WHO SHOULD READ THIS?
Any physician assistant who provides care to patients with chronic non-cancer related pain.
WHY IS THIS IMPORTANT?
Fifty million Americans suffer from chronic pain each year, and chronic pain is the most common cause of long-term disability in the United States. Still, research suggests that three out of four chronic pain sufferers do not receive appropriate therapy.1 Opioids offer effective pain control, and opioid use in the United States increased markedly between 1997 and 2006, especially for morphine (184%), fentanyl (450%), oxycodone (899%), and methadone (1,129%).2 Despite this large increase, many providers continue to feel that pain in any form is undertreated.
HOW IS PAIN CLASSIFIED?
Pain can be classified into three general categories: acute, chronic, and cancer related. Acute pain is a normal response to tissue damage and usually resolves when the damage heals. Cancer-related pain is associated with tumor growth, metastatic disease, and side effects of treatment. Chronic pain is defined as pain that lasts longer than expected for healing, persistent pain not controlled by nonopioid methods, pain associated with nonmalignant disease, or pain where healing may never occur.3,4 Pain may also be defined as nociceptive (resulting from tissue damage) or neuropathic (caused by damage or dysfunction of the central or peripheral nervous system).

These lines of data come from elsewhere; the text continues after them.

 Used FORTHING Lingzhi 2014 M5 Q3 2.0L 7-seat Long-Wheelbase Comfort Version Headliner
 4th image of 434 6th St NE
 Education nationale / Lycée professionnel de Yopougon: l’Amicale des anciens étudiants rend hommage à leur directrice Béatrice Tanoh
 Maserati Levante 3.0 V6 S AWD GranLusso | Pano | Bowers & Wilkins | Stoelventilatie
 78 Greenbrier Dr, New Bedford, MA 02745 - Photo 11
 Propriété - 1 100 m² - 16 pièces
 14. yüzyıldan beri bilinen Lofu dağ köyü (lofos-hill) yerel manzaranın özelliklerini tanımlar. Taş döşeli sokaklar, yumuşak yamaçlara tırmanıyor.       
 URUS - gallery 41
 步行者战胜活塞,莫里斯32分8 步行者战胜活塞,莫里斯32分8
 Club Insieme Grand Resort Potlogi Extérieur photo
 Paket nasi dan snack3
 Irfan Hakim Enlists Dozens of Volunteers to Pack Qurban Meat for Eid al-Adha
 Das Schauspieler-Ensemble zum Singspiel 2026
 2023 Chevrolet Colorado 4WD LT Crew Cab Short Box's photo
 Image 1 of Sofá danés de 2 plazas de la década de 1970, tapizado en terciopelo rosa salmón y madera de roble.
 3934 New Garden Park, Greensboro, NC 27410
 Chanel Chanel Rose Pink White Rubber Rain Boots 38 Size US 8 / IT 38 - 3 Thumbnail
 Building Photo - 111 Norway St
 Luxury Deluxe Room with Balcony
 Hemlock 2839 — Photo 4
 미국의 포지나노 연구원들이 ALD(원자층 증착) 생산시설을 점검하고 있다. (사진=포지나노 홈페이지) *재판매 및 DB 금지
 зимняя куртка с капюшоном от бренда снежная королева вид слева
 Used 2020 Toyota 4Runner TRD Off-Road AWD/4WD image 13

WHAT GUIDELINES EXIST FOR OPIOID USE?
Despite growing evidence that opioids are useful in managing chronic pain, limited studies exist regarding ideal dosing regimens and duration of use.5,6 Most studies are small, limited to a single study in the area, or limited to nonexperimental descriptive studies. Clearly, more studies need to be done in order to guide clinicians in prescribing opioid therapy for patients with chronic pain.
The American Pain Society and the American Academy of Pain Medicine has issued evidence-based guidelines for the management of chronic pain based on an expert review of the literature.7 Another source of guidelines; assessment algorithms; recommendations based on type of pain; and multifactorial, comprehensive care plan management can be found at the National Guidelines Clearinghouse.8
Opioid therapy should be considered if other treatment modalities fail to provide effective analgesia and the benefit of using opioids exceeds the risks. The therapy, its side effects, and issues relating to tolerance and addiction should be discussed with the patient, and applicable regulations should be reviewed.9 The general recommendation is to start at the lowest dose possible and gradually increase until pain control is obtained.
For a sample controlled substance agreement, please click here.
WHAT ARE THE TREATMENT MODALITIES FOR CHRONIC PAIN?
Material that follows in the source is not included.